RECORDS FOR THIS EXERCISE: Begin
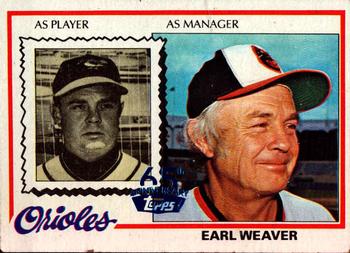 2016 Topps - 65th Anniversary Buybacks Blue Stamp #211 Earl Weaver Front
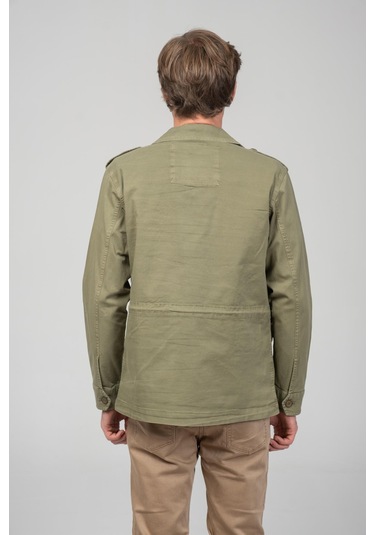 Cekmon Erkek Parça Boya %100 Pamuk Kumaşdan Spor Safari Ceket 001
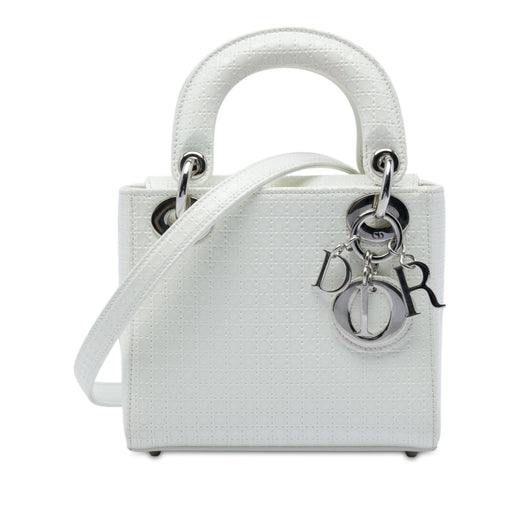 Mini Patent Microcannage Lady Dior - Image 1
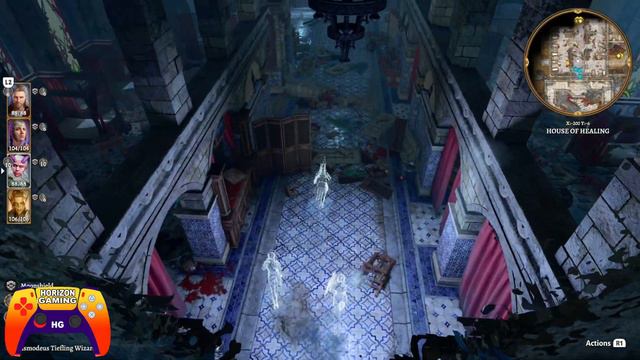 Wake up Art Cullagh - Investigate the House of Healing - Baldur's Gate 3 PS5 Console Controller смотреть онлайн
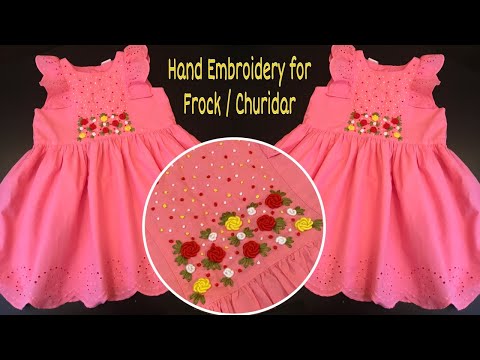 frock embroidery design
RECORDS FOR THIS EXERCISE: End
**PROBLEM STATEMENT:**
The job here is to retype the data exactly, with no pictures included.

**EXERCISE OUTPUT:**
 2016 Topps - 65th Anniversary Buybacks Blue Stamp #211 Earl Weaver Front
 Cekmon Erkek Parça Boya %100 Pamuk Kumaşdan Spor Safari Ceket 001
 Mini Patent Microcannage Lady Dior - Image 1
 Wake up Art Cullagh - Investigate the House of Healing - Baldur's Gate 3 PS5 Console Controller смотреть онлайн
 frock embroidery design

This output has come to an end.